John Bangs, head of education at the National Union of Teachers, said that, while most teachers would not want scanners, for a few, where pupils were known to carry knives, they were a necessary evil.

Teachers on The TES online forum said schools were already seen as violent centres by their inner-city communities. No number of metal detectors would stop weapons being smuggled in, they said. “Stab vests will soon be part of uniform, as no one is prepared to take the bold steps to tackle the pandemic of delinquency in inner city schools,” said one.

But others were sceptical of the proposal. One said: “I regard the announcement of airport-style detectors as a ludicrous example of political spin and headline-grabbing by a Government led by news headlines, not principles.”

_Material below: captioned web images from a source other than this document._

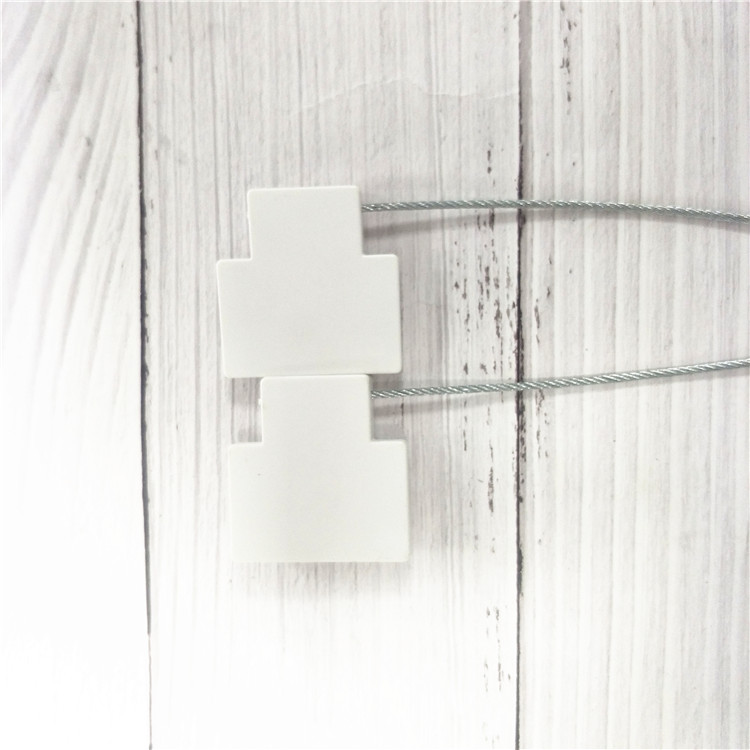 ซีลนิรภัย RFID รุ่น SS4544-1 สีขาวสองชิ้นวางในแนวตั้งโดยมีสายเคเบิลเหล็กทอดยาวบนพื้นหลังลายไม้
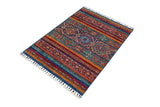 Orientmattor Khorjin 64862 Ziegler/Kazak rug with intricate geometric patterns and rich earthy tones, detailed woven textile.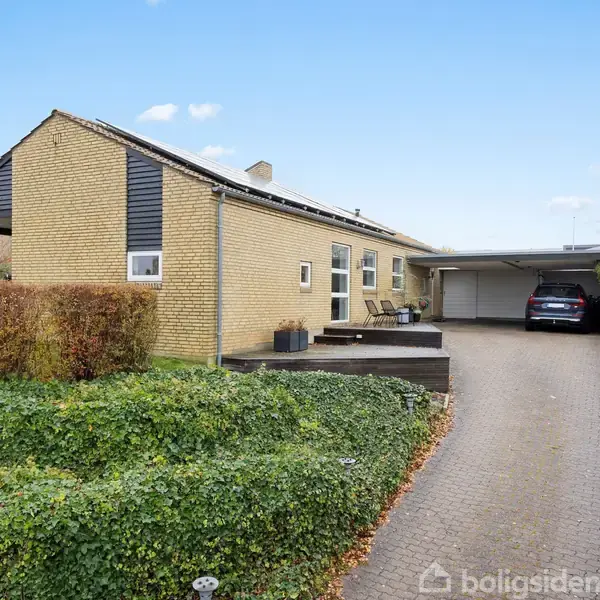 Et gult murstenshus med flere vinduer står for enden af en indkørsel. En bil holder parkeret under en carport. Omgivet af grønne buske og hække.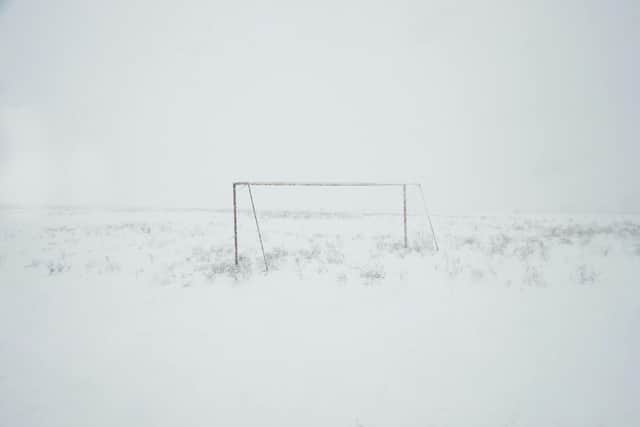 A snowy football pitch
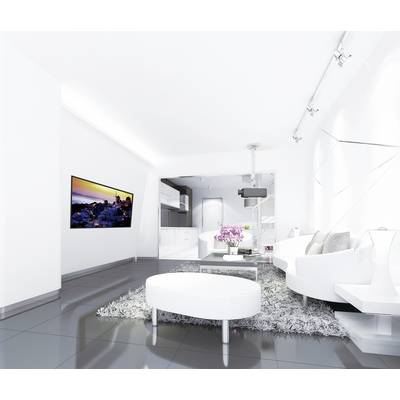 Salon blanc et moderne avec une table ovale, un tapis moelleux, un canapé et une télévision murale. La pièce paraît lumineuse et spacieuse.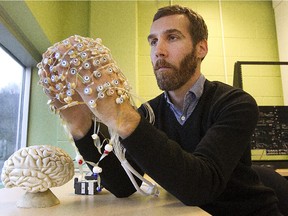 Dave Ellemberg , a professor of kinesiology and neuropsychologist , shows how an electrodes sensor net can record brain activity in his lab at l'Université de Montréal on Nov. 13, 2013.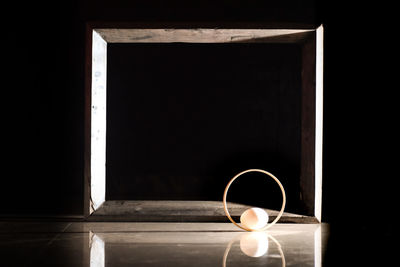 Close-up of illuminated lamp on table against black background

PUPILS SIGN HEADTEACHER’S PLEDGE NOT TO CARRY WEAPONS

Staff at Southfields Community College in south London will occasionally surprise pupils with hand-held metal detectors, randomly scanning them for knives and other weapons.

“If you have anything on you that you shouldn’t have, you might like to give it to us,” the pupils are told.” Red-faced pupils will pull out a pack of cigarettes.

Youths have been murdered around the south London borough of Wandsworth in recent years. Police have identified active gangs such as the Tooting Gang, the Wandsworth Terror Zone and Wandsworth Man Dem. James Smartt-Ford, 16, was gunned down at Streatham ice rink last year, and Eugene Attram, 16, was stabbed to death in a brawl a year earlier. Yet in the nine years that Jacqueline Valin (above) has been head at Southfields, she has excluded only two pupils for carrying knives. She said that the first step towards having a safe school was to work with the pupils and the community. As a sports college, Southfields tries to substitute the camaraderie of team work for the perceived comfort of gangs.

A community police officer teaches PSHE and most of the 1,300 pupils have signed a pledge not to carry knives. “My aim is for children to feel safe and secure and can learn,” said Ms Valin. She said it would be too expensive to put arches and staff at three entrances. “But if I had a serious problem with knives on site, I’d consider it,” she said.